Pharmacokinetics and Clinical Pharmacology – Week 3 (Vocabulary Flashcards)

Vocabulary flashcards covering key pharmacology concepts from Week 3 notes on pharmacokinetics, pharmacogenetics, ADRs, drug interactions, and pharmacovigilance.

Pharmacokinetics

The study of how the body handles a drug, i.e., the movement of drugs through Absorption, Distribution, Metabolism, and Excretion.

ADME

The four stages of pharmacokinetics: Absorption, Distribution, Metabolism, Excretion.

Absorption

Process by which a drug enters the bloodstream from its site of administration; influenced by pH, blood flow, surface area; affects bioavailability.

Distribution

Spread of a drug from the bloodstream into tissues and organs; influenced by protein binding and tissue affinity.

Metabolism

Biotransformation of drugs, typically in the liver; involves Phase I and Phase II reactions and is affected by genetics and enzyme induction/inhibition.

Excretion

Elimination of drugs from the body, mainly via kidneys; related to renal function and age.

Pharmacogenetics

How an individual's genetic makeup affects their response to drugs.

Genetic polymorphism

Variation in DNA sequence between individuals.

SNP

Single nucleotide polymorphism; substitution of one nucleotide that can alter enzymes, transporters, or targets.

CYP enzymes

Cytochrome P450 enzymes that metabolize many drugs; genetic polymorphisms affect activity.

Poor metaboliser

Individual with little to no activity of a given CYP enzyme, leading to slower drug metabolism.

Intermediate metaboliser

Reduced enzyme activity leading to slower metabolism than normal.

Extensive metaboliser

Normal enzyme activity; typical drug metabolism.

Ultra-rapid metaboliser

Increased enzyme activity leading to faster metabolism and potentially reduced drug efficacy.

Ethnic polymorphisms

Genetic polymorphisms with varying frequency across ethnic groups; can affect drug response (e.g., alcohol metabolism variants).

Adverse Drug Reaction (ADR)

Noxious, unintended reaction to a drug occurring at normal doses.

ADR risk factor – age

Very young and elderly have higher ADR risk due to different metabolism and excretion.

ADR risk factor – gender

Gender differences can affect pharmacokinetics and drug responses.

ADR risk factor – genetics

Genetic polymorphisms can affect metabolism, transport, and targets.

ADR risk factor – pre-existing conditions

Chronic diseases can impair clearance and increase ADR risk.

ADR risk factor – allergies

History of drug allergies increases risk of hypersensitivity reactions.

Polypharmacy

Use of multiple medications, increasing the risk of drug interactions and ADRs.

Dose and duration

Higher doses and longer use can raise risk of toxicity.

Route of administration (ADR risk)

Some routes (e.g., intravenous) can cause more immediate or severe ADRs.

Pharmacovigilance

Monitoring and reporting of adverse drug reactions to ensure drug safety.

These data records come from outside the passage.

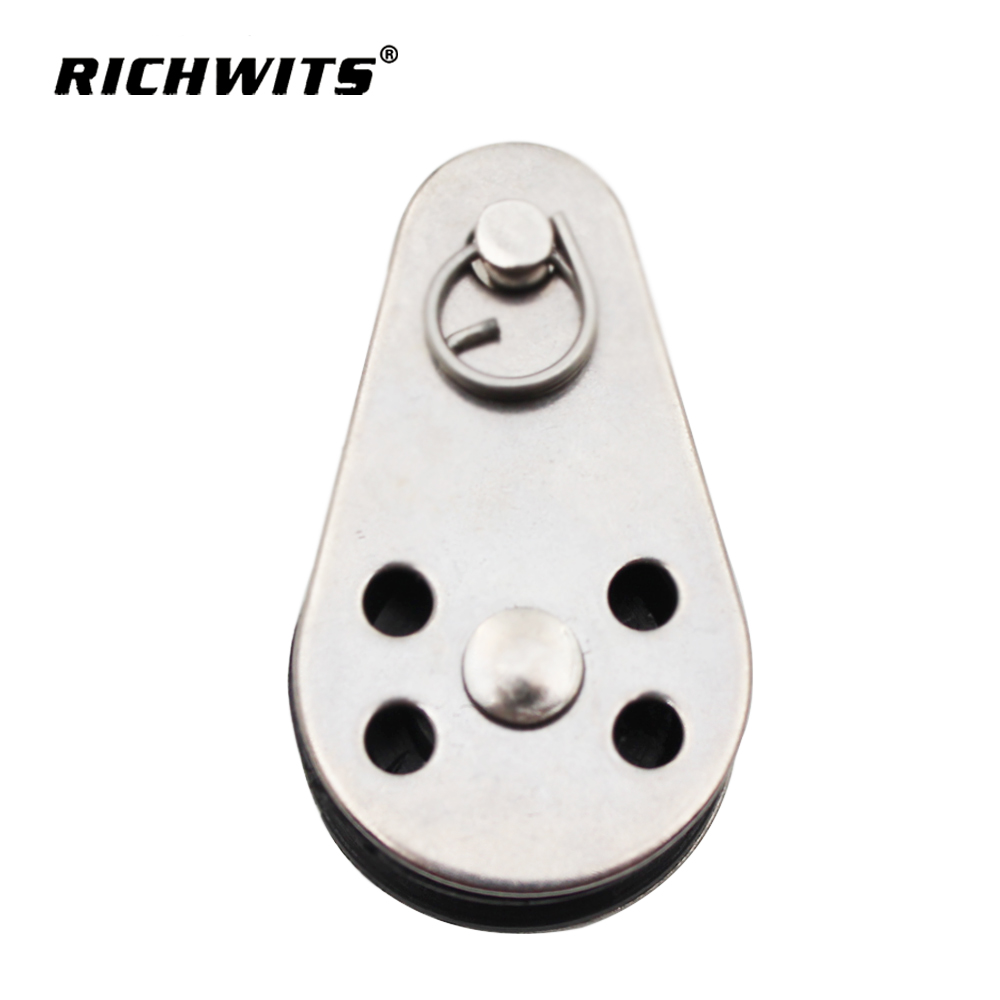 Bloque de polea SS304 de rueda de remolque de alambre colgante de cuerda de alambre 25mm ZB6606
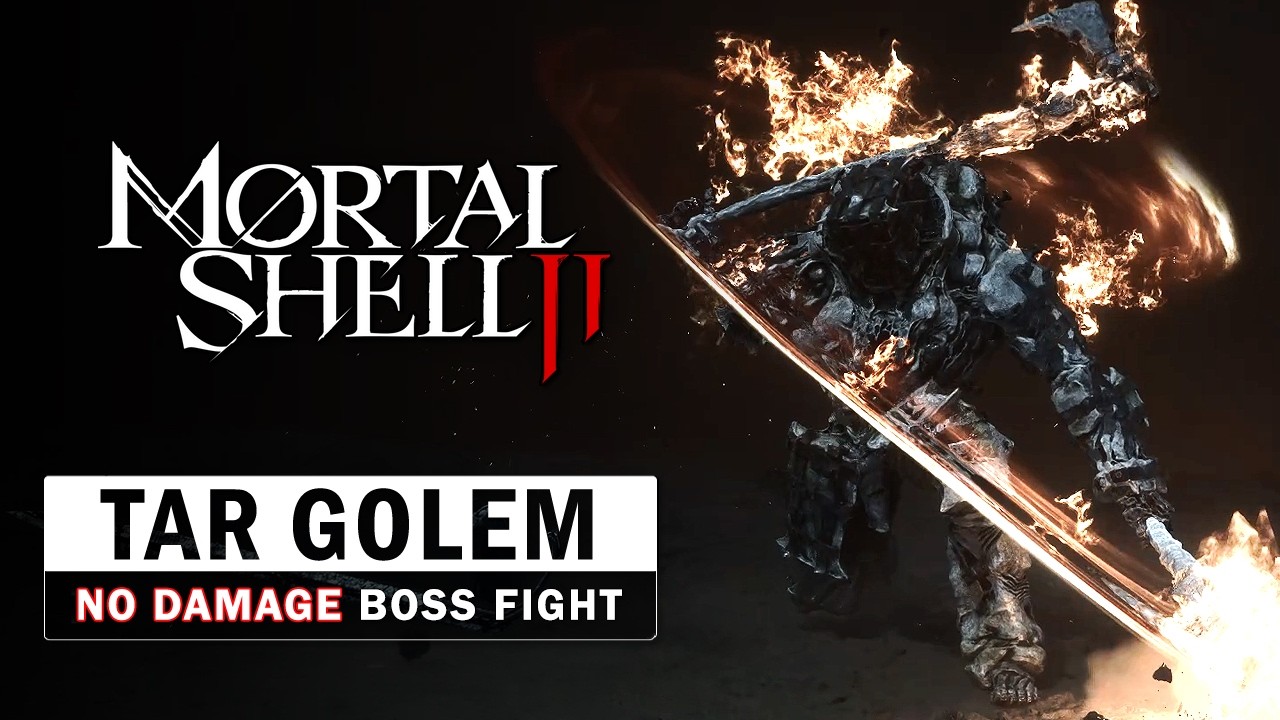 Mortal Shell 2 - Tar Golem Boss Fight (No Damage)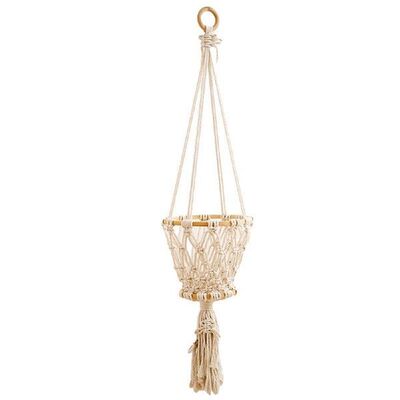 Macrame Wall Hangings Basket Rustic Decor Wall Shelf Wall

Grapefruit–drug interaction

Grapefruit components inhibit intestinal CYP3A4, raising the bioavailability of some drugs (effect may last up to 3 days).

Bioavailability

Fraction of an administered dose that reaches systemic circulation; influenced by formulation and absorption.

Drug interactions – three categories

Interactions outside the body, in the GI tract, and after absorption.

Drug incompatibility

Chemical incompatibility when drugs are mixed in the same syringe or container.

Drug interactions in GI tract

Affect absorption and bioavailability; formulation and food can alter absorption.

Drug interactions after absorption (PK/PD)

Interactions that alter distribution, metabolism, excretion, or pharmacodynamics after absorption.

Additive pharmacodynamics

Combined effect of two drugs with similar effects equals the sum of their individual effects.

Synergistic pharmacodynamics

Combined effect greater than the sum of individual effects.

Antagonistic pharmacodynamics

One drug reduces or opposes the effect of another.

Naloxone and opioids (receptor interaction)

Naloxone competes at the mu-opioid receptor to reverse opioid effects.